(Captioned web image data)
Segment Open
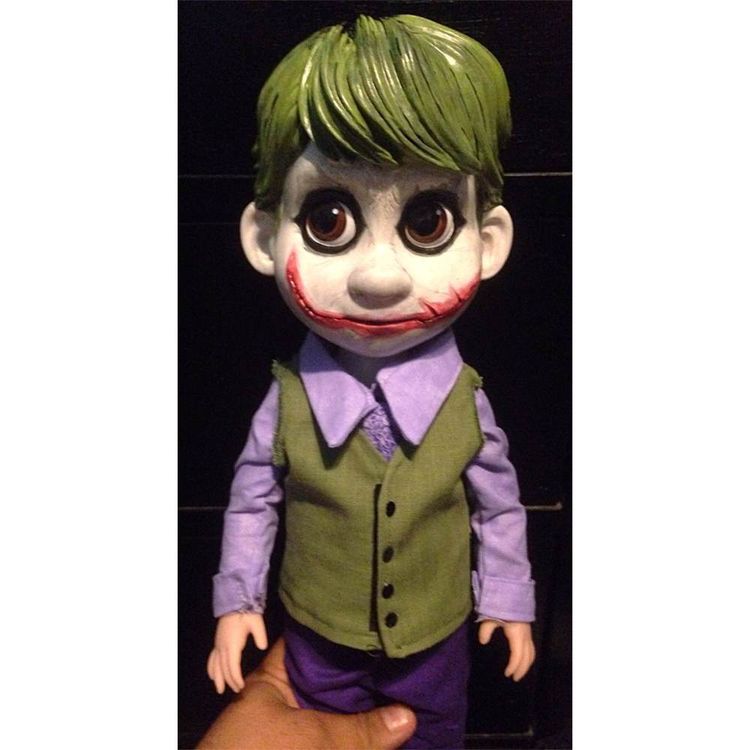 Day of The Dead Doll - Kristoff as Heath Ledger as the Joker by Obscure (Matt Perez)
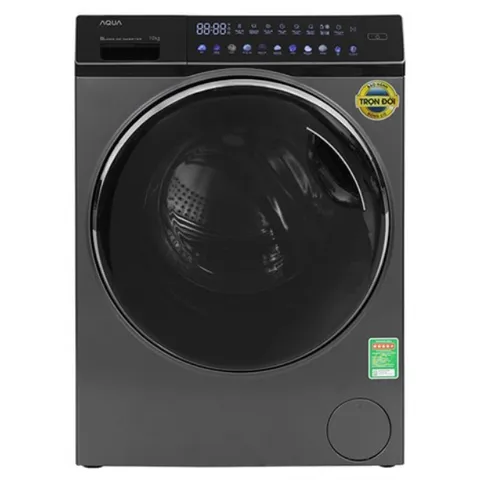 Máy giặt Aqua cửa ngang 10kg 2023 (AQD-DDW1000J.BK)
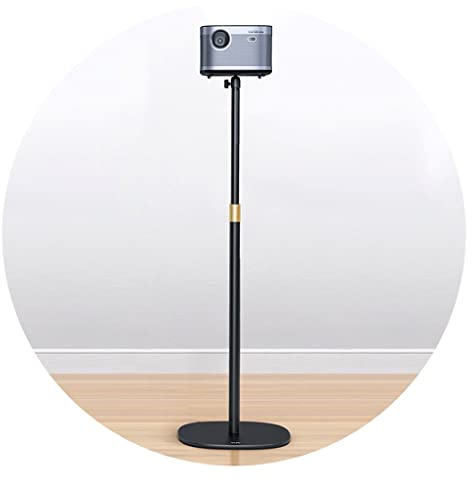 JingYi Store Projektorständer Nachttischständer Bodenprojektorständer Desktop-Ständer Heimständer (Color : Black, Size : 32.5 * 120cm)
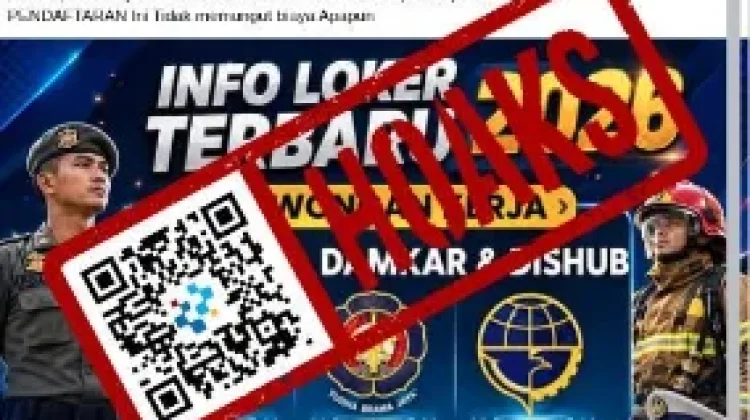 Hoaks Tautan Pendaftaran Lowongan Damkar, Satpol PP, dan Dishub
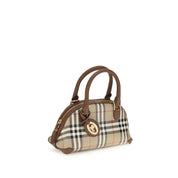 Burberry Beige Canvas Top Handle Bag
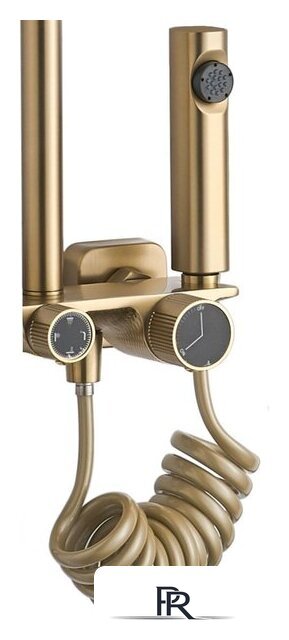 Душевая система  Rea Helix Matt Gold REA-P6621 - Изображение №6 — Интернет-магазин ПроЗаказ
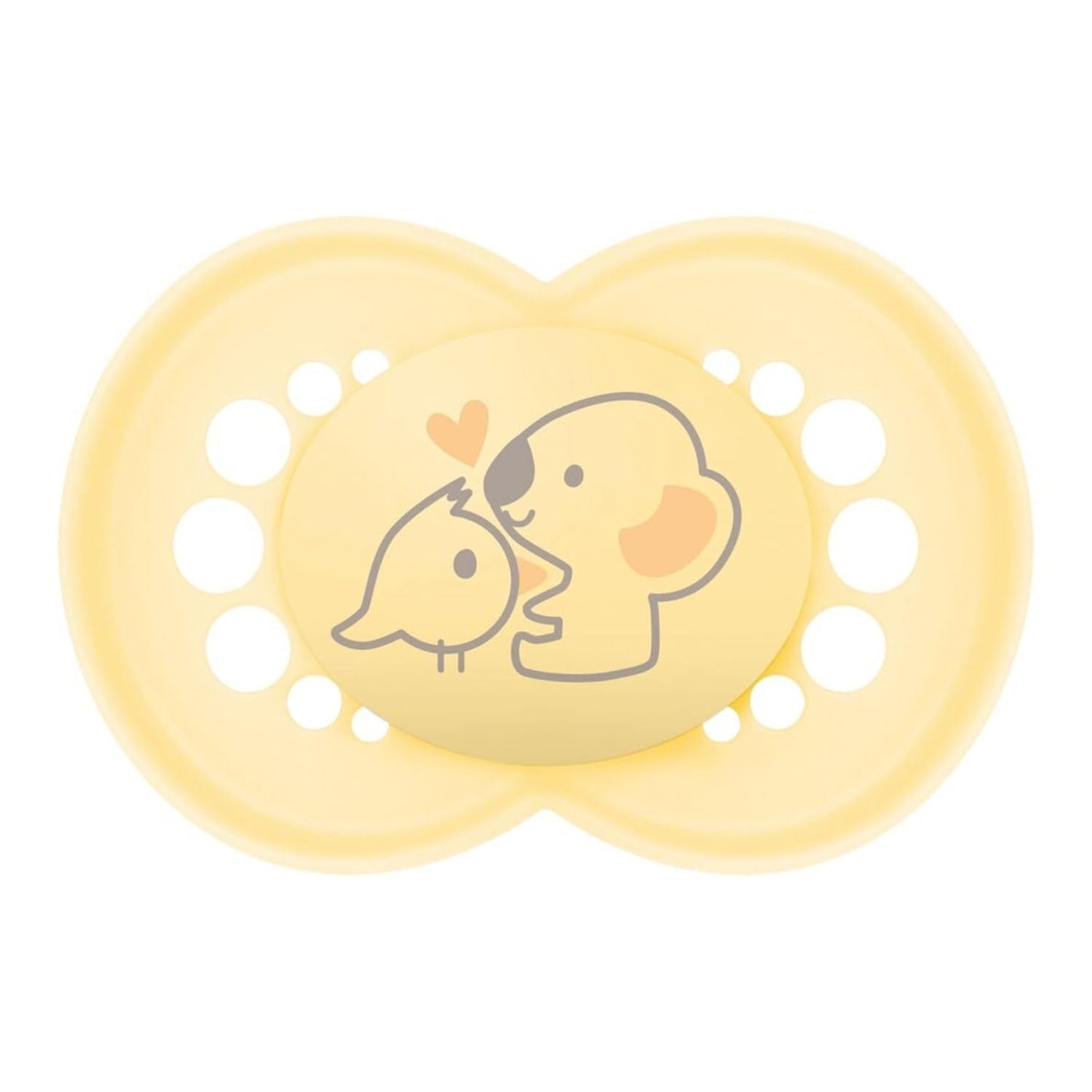 MAMA | Originaler beiger Schnuller ab 18 Monaten (3er-Pack) zufällige Farbauswahl – Ultraweicher symmetrischer Silikonsauger – Anatomisch geformter Babyschnuller für optimale Mundentwicklung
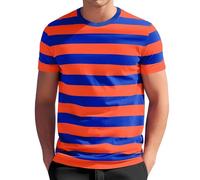 Camiseta Tallas Grandes Estampado Palmeras Classics Verano Holgada Talla Grande Rebajas Verano Quotidiano Taglie Forti Regolare Tinta Unita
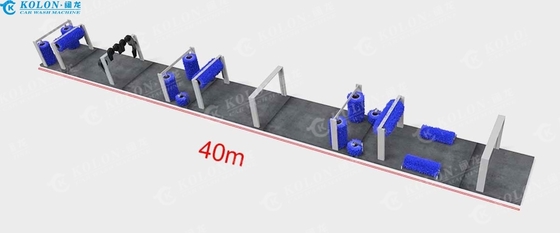 15 fırça Otomatik tünel araba yıkama makinesi uzunluğu 40000mm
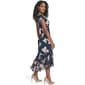 Womens Tommy Hilfiger Flutter Sleeve Floral High Low Dress - image 3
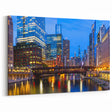 Chicago Skyline Wall Art - Chicago Night Panorama Cityscape Art Print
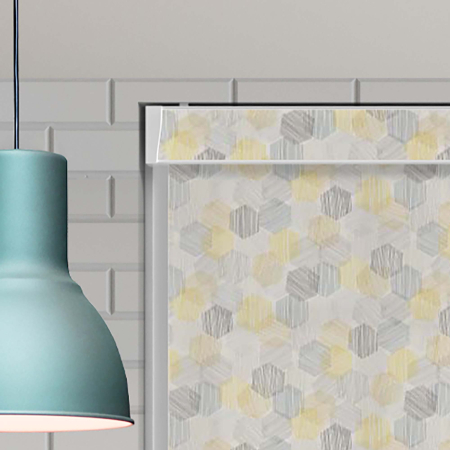 Hex Lemon Electric No Drill Roller Blinds Product Detail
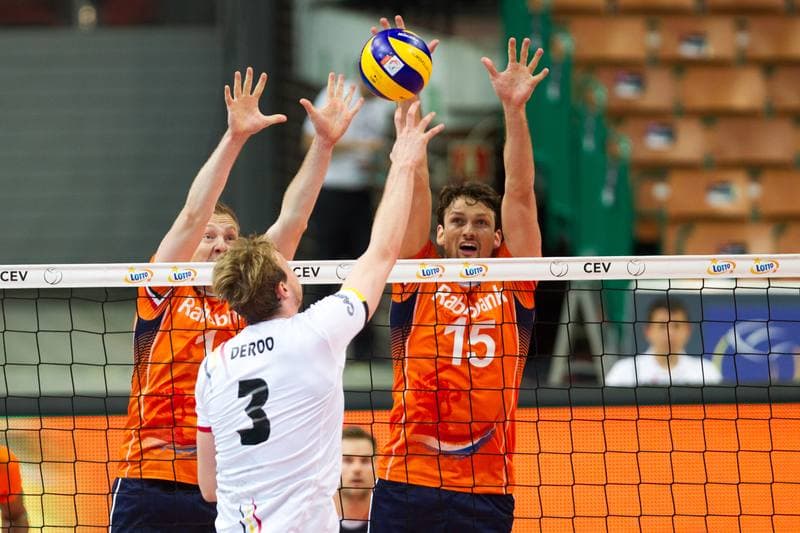 Volleyball. CEV EuroVolley. Netherlands - Belgium. 28.08.2017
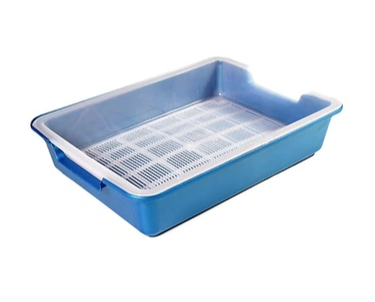 Купить Зооник Туалет для кошек с сеткой глубокий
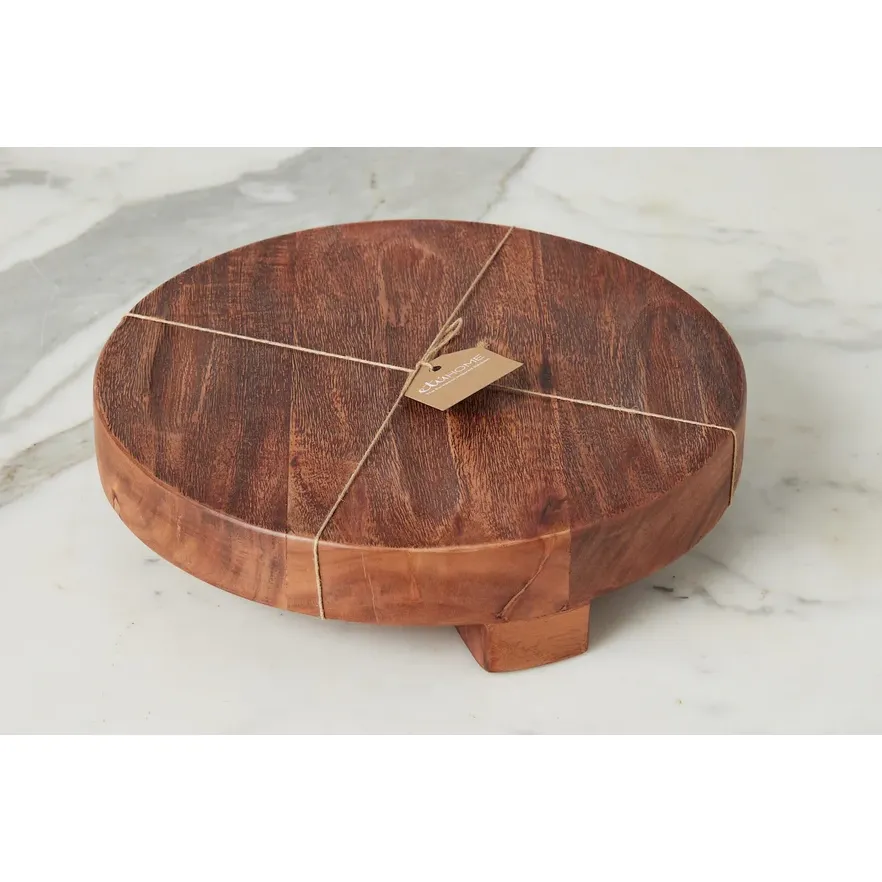 etúHOME Classic Medium Round Reclaimed Acacia Trivet Riser ~ IN-STORE PURCHASE ONLY - Image 3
Segment Closed
Goal of the exercise:
Send back the data above word for word, with the pictures left out.

Your response:
 Day of The Dead Doll - Kristoff as Heath Ledger as the Joker by Obscure (Matt Perez)
 Máy giặt Aqua cửa ngang 10kg 2023 (AQD-DDW1000J.BK)
 JingYi Store Projektorständer Nachttischständer Bodenprojektorständer Desktop-Ständer Heimständer (Color : Black, Size : 32.5 * 120cm)
 Hoaks Tautan Pendaftaran Lowongan Damkar, Satpol PP, dan Dishub
 Burberry Beige Canvas Top Handle Bag
 Душевая система  Rea Helix Matt Gold REA-P6621 - Изображение №6 — Интернет-магазин ПроЗаказ
 MAMA | Originaler beiger Schnuller ab 18 Monaten (3er-Pack) zufällige Farbauswahl – Ultraweicher symmetrischer Silikonsauger – Anatomisch geformter Babyschnuller für optimale Mundentwicklung
 Camiseta Tallas Grandes Estampado Palmeras Classics Verano Holgada Talla Grande Rebajas Verano Quotidiano Taglie Forti Regolare Tinta Unita
 15 fırça Otomatik tünel araba yıkama makinesi uzunluğu 40000mm
 Womens Tommy Hilfiger Flutter Sleeve Floral High Low Dress - image 3
 Chicago Skyline Wall Art - Chicago Night Panorama Cityscape Art Print
 Hex Lemon Electric No Drill Roller Blinds Product Detail
 Volleyball. CEV EuroVolley. Netherlands - Belgium. 28.08.2017
 Купить Зооник Туалет для кошек с сеткой глубокий
 etúHOME Classic Medium Round Reclaimed Acacia Trivet Riser ~ IN-STORE PURCHASE ONLY - Image 3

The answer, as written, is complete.